Genç motokuryenin ölümüne sebep olan ehliyetsiz sürücüye verilen ’ev hapsi’ne motosikletlilerden tepki

Samsun’da 17 yaşındaki ehliyetsiz sürücünün çarptığı 23 yaşındaki motokurye hayatını kaybetti. Olaydan sonra ehliyetsiz sürüye verilen ev hapsi cezasına onlarca motosiklet sürücüsü tepki gösterdi.
Kaza, 20 Nisan Cumartesi günü gece saatlerinde Atakum ilçesi Kamalı Mahallesi’nde meydana geldi. 55 AAH 229 plakalı otomobili kullanan ehliyetsiz sürücü 17 yaşındaki M.B., kuryelik yapan Sefa Şerif Efe’nin kullandığı motosiklete, ardından da elektrik direğine çarptı. Kaza sonrası Sefa Şerif Efe kaldırıldığı Ondokuz Mayıs Üniversitesi Tıp Fakültesi Hastanesi’nde hayatını kaybetti.
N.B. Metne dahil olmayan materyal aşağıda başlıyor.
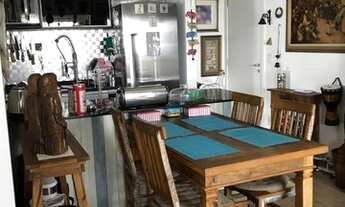 Imagem: APARTAMENTO RESIDENCIAL em SÃO PAULO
Kaza sonrası ehliyetsiz sürücü ev hapsine çarptırıldı. İlkadım ilçesinde bulunan Batıpark etkinlik alanında toplanan Samsun Motosikletli Kuryeler Derneği üyeleri ve diğer motosiklet sürücülerinden oluşan yaklaşık 100 kişilik grup bu duruma tepki gösterdi.

"Bu olay, motosikletli kuryelerin trafikte maruz kaldığı tehlikeleri bir kez daha gözler önüne serdi"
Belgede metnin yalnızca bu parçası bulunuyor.